Reading data from a file

The instructions here are for reading files in the traditional Python way. We do not recommend doing this, as it is more challenging and often more difficult to understand. That said, the info is here if you’re curious. We’re assuming below that you have downloaded a copy of the Kumpula weather data file from the Exploring data using Pandas lesson. If not, do that before proceeding.

Reading an entire file at once

There are several ways in which data can be read from a file in Python, but some are more common (or better in some cases) than others. Here we will focus on a common way to read files that can be easily used for many types of data files.

  1. We will begin by reading an entire file into a Python list.

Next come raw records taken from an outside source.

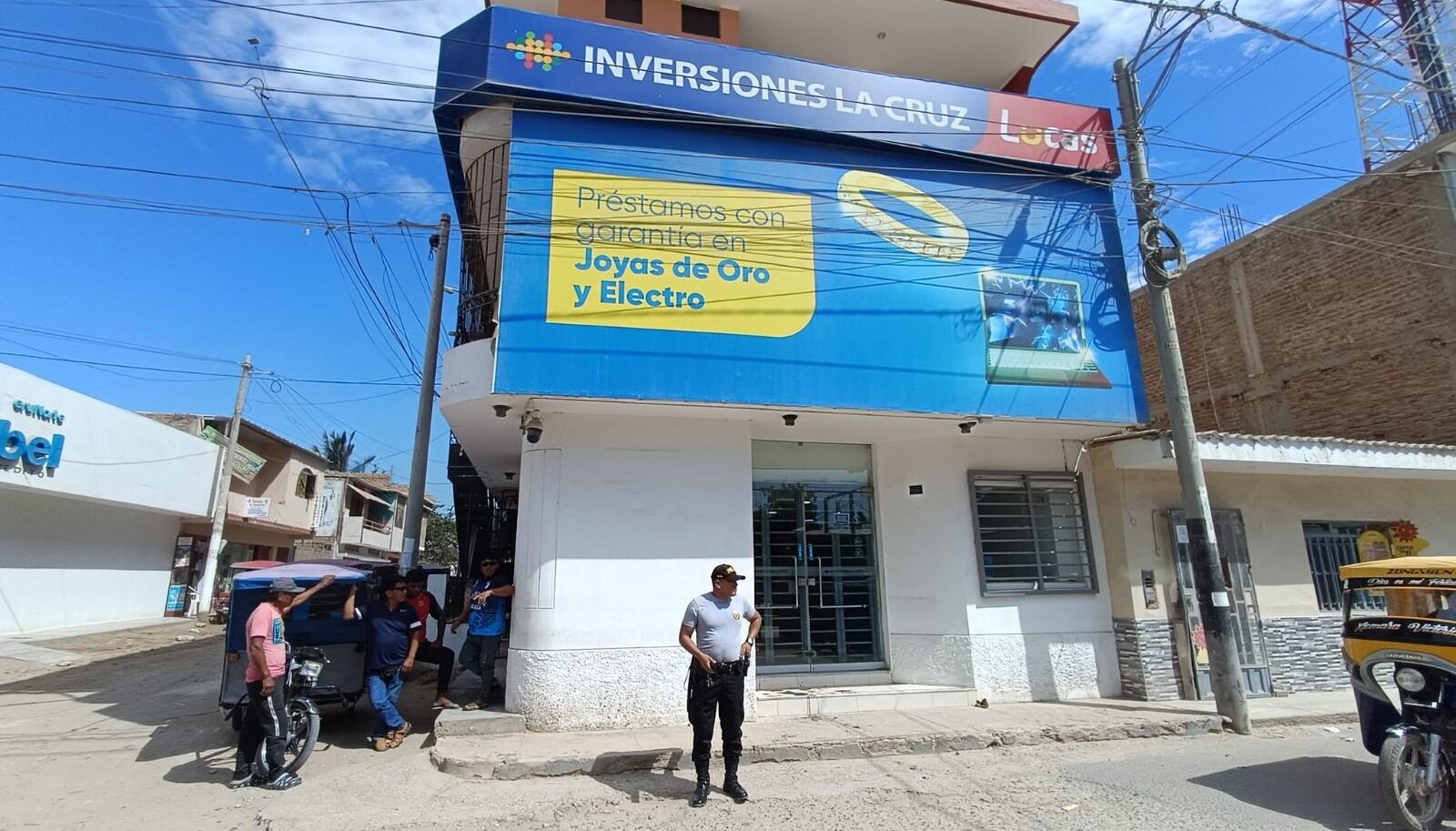 Sus compañeros de trabajo auxiliaron al vigilante y lo trasladaron de emergencia al centro de salud.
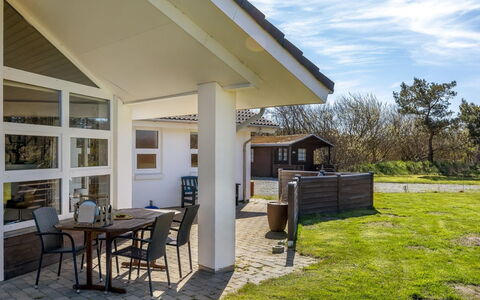 Ljuba - 1.3Km from the Sea: Huis, Deur, Verblijf, Schaduw, Landgoed, Veranda, Outdoor Structuur, Siding, Garden Gebouwen, Boerderij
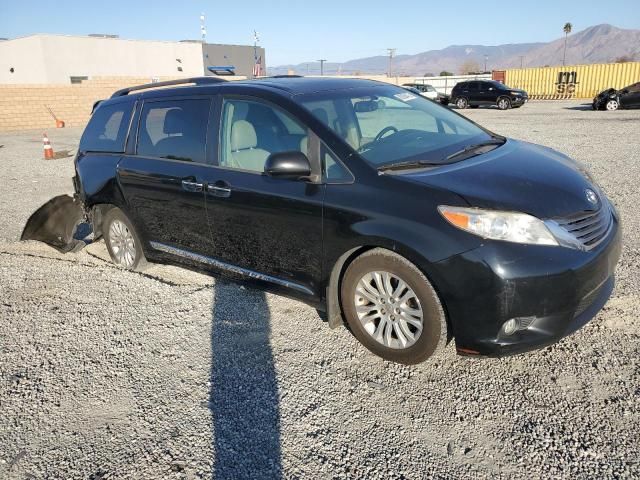 2017 Toyota Sienna XLE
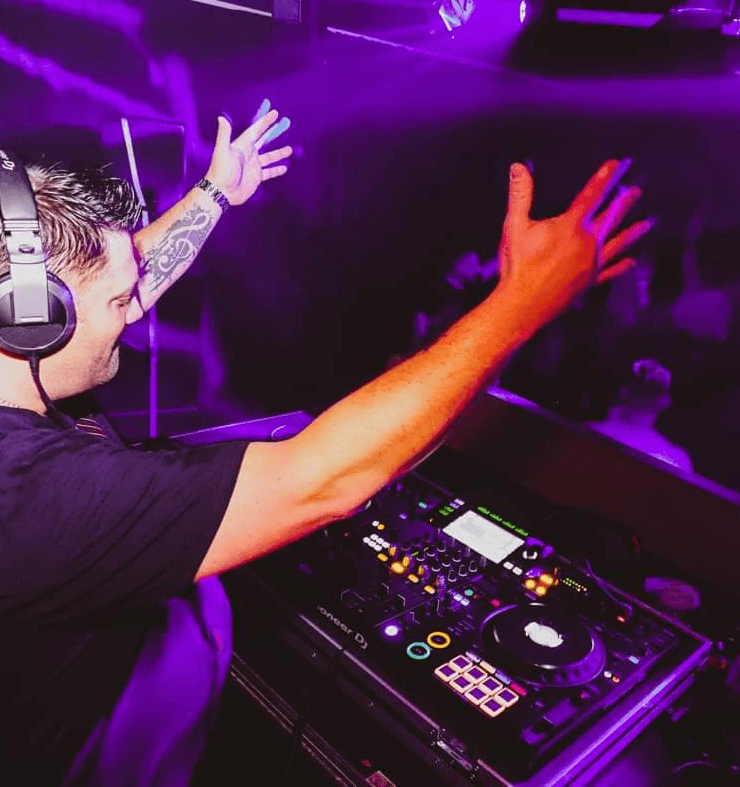 Dj Surányi — DJ in Exeter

To start we need to open the file for reading by typing the following into the Spyder editor:

    with open('Kumpula-June-2016-w-metadata.txt', 'r') as infile:
        <commands to read file...>
    

    Here we are using the open() function in combination with the with statement in Python. I suppose an explanation is required.

    • The general format used for opening files in Python is open(<filename>, <mode>), where filename is the name of the file and mode is either "r" for reading a file or "w" for writing to a file. In our case, we open our file ('Kumpula-June-2016-w-metadata.txt') to be read ('r').
    • In addition, we are using the with statement. What this does is open our file and assign access to the file to a variable (infile). Thus, using the variable infile we can access the file contents anywhere within the indented block of code beneath the with statement. For instance, we will see how to read the file in the next point.
    • The main advantage of using the with statement is that normally you need to manually close file access in Python (using the file.close() method), but when using the with statement the file is automatically closed at the end of the indented block. This ensures you don’t forget to close it yourself. Closing files is important because sometimes the final changes made to a file will not be written until the file is closed, for example.
  2. With our file open, we can now proceed to read the file.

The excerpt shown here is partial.